Would you please output, word for word, the span of the listing below that opens on the line containing "Two Bunny Fortnite" and closes on the line containing "7. Opony 235/50"? Include both ends and nothing more.

## DATASET EXTRACT
+++++
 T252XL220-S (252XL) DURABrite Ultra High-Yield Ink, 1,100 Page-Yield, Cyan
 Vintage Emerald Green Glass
+++++
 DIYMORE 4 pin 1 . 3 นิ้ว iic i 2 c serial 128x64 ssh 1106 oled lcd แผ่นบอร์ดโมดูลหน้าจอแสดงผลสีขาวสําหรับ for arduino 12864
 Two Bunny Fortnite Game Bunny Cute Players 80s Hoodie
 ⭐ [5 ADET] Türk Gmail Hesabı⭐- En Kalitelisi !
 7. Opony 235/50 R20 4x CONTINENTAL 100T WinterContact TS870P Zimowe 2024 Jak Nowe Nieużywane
+++++
## ANSWER SPACE
 Two Bunny Fortnite Game Bunny Cute Players 80s Hoodie
 ⭐ [5 ADET] Türk Gmail Hesabı⭐- En Kalitelisi !
 7. Opony 235/50 R20 4x CONTINENTAL 100T WinterContact TS870P Zimowe 2024 Jak Nowe Nieużywane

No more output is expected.